In most higher animals, injury to axons within the central nervous system (CNS) leads to the death of axotomized neurons, probably due to loss of target-derived growth factors. The long-term goal of this research is to understand the mechanisms by which growth factors promote the survival of axotomized ganglion cells in the retina. Due to its great accessibility, and ability to regenerate, the frog visual system is an excellent model with which to address this question. After lesioning the frog optic nerve, regeneration occurs and retinal ganglion cells (RGCs) reconnect to their targets. Nevertheless, approximately 50% of the retinal ganglion cells die. We have shown that application of fibroblast growth factor-2 (FGF-2) prevents this cell death in the retina, but only when it is applied to the optic nerve stump. There is accumulating evidence from in vitro studies that the signaling pathways activated by neurotrophins differ based on the location of stimulation, but little is known about how this site-specificity affects the responses to neurotrophins in vivo. In this proposal, we will determine the different intracellular signaling pathways that are activated by the neurotrophic factor FGF-2 when it is applied to the cut nerve, compared to intraocular application, that may explain its location-specific effects on neuronal survival. In the first aim we will test the hypothesis that FGF-2 applied to the cut axons, but not to the cell bodies, activates the transcription factor CREB via the MAPK pathway, in particular via Erk1/2. In the second aim we will determine the mechanisms by which FGF-2 upregulates the synthesis of brain-derived neurotrophic factor (BDNF), another neurotrophin essential for retinal ganglion cell survival, and of the BDNF receptor, TrkB. Finally, in the third aim we will investigate the location-specific effects and signaling pathways of BDNF itself, and determine how the site of application of the factor affects retinal ganglion cell survival. The proposed research will make a significant contribution towards understanding how neurotrophins modulate neuronal survival in a location-specific manner, in an in vivo adult system, which should lead to improved therapeutic methods to promote recovery after injury and disease.

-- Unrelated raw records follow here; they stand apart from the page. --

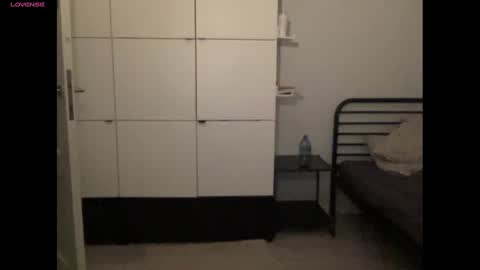 Snapshot of mmminnie chatting on March 12, 8:20 pm mmminnie online show from March 12, 8:20 pm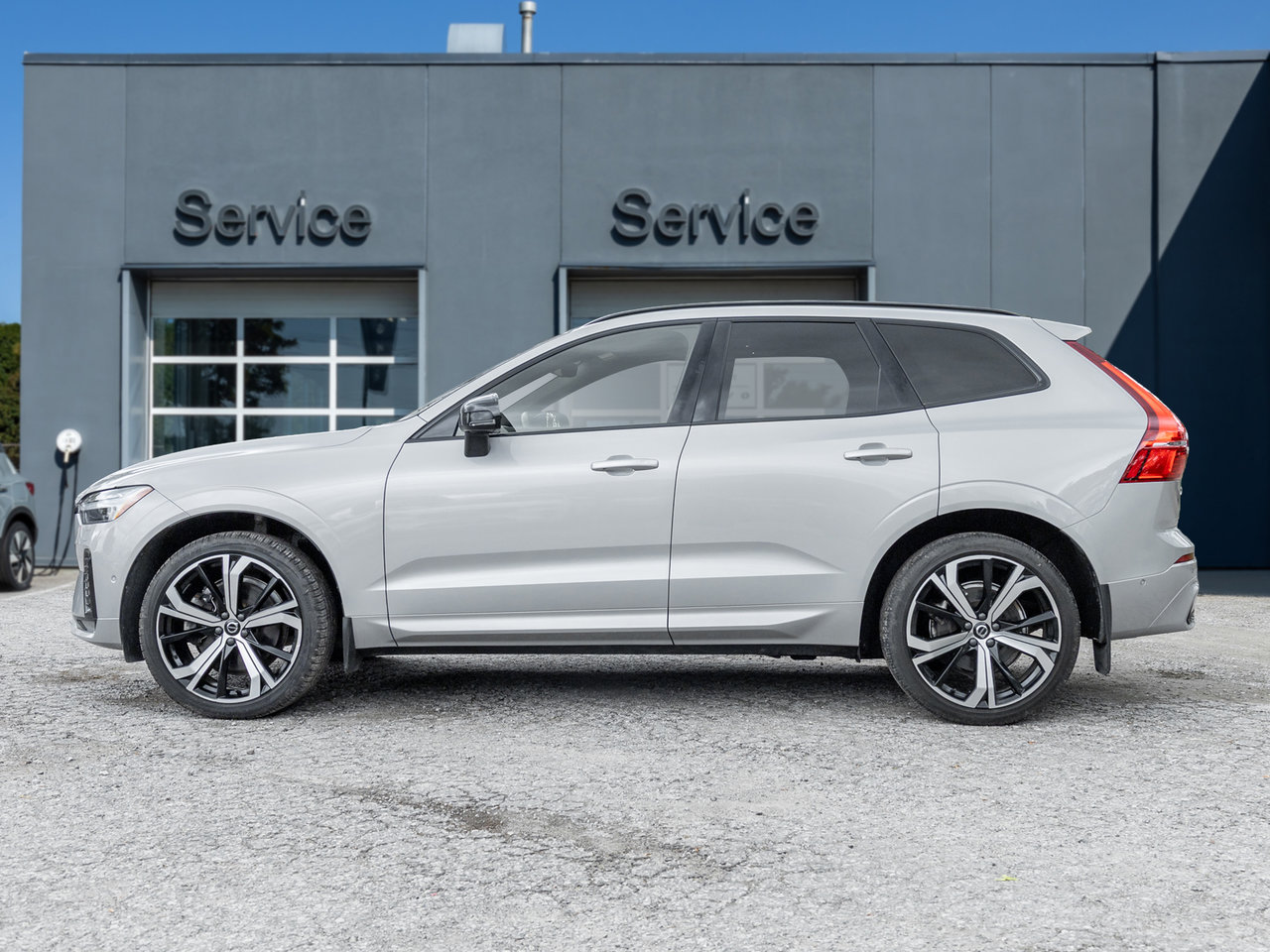 Volvo XC60 B6 AWD R-Design  BOWER & WILKINS  21 ALLOY WHEEL 2022-2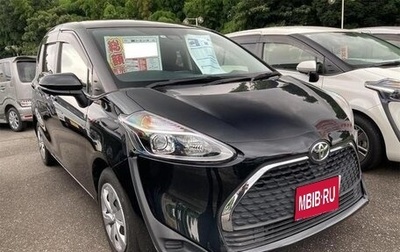 Toyota Sienta II, 2021 год, 1 093 000 рублей, 1 фотография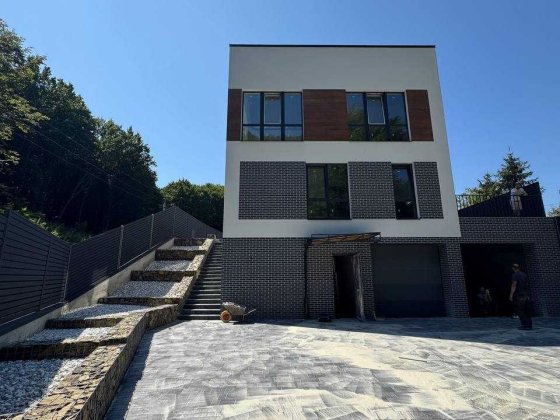 Ексклюзивний будинок біля лісу | Панорамні вікна | вул. Голубця Львів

在大多数高等动物中，中枢神经系统（CNS）内轴突的损伤会导致轴突神经元死亡，这可能是由于靶标衍生的生长因子的丧失。这项研究的长期目标是了解生长因子促进视网膜轴突神经节细胞存活的机制。由于其良好的可访问性和再生能力，青蛙视觉系统是解决这个问题的绝佳模型。青蛙视神经受损后，会发生再生，视网膜神经节细胞（RGC）重新连接到它们的目标。然而，大约 50% 的视网膜神经节细胞死亡。我们已经证明，成纤维细胞生长因子-2 (FGF-2) 的应用可以防止视网膜中的细胞死亡，但仅限于将其应用于视神经残端时。体外研究中越来越多的证据表明，神经营养因子激活的信号通路因刺激位置而异，但人们对这种位点特异性如何影响体内神经营养因子的反应知之甚少。在本提案中，我们将确定与眼内应用相比，当神经营养因子 FGF-2 应用于切割神经时，由神经营养因子 FGF-2 激活的不同细胞内信号通路，这可能解释其对神经元存活的位置特异性影响。在第一个目标中，我们将测试以下假设：FGF-2 应用于切割的轴突，但不应用于细胞体，通过 MAPK 途径，特别是通过 Erk1/2 激活转录因子 CREB。在第二个目标中，我们将确定 FGF-2 的机制 上调脑源性神经营养因子 (BDNF)（另一种对视网膜神经节细胞存活至关重要的神经营养因子）和 BDNF 受体 TrkB 的合成。最后，在第三个目标中，我们将研究 BDNF 本身的位置特异性效应和信号通路，并确定该因子的应用位置如何影响视网膜神经节细胞的存活。拟议的研究将为理解神经营养素如何在成人体内系统中以特定位置的方式调节神经元存活做出重大贡献，这将导致改进治疗方法以促进损伤后的恢复和 疾病。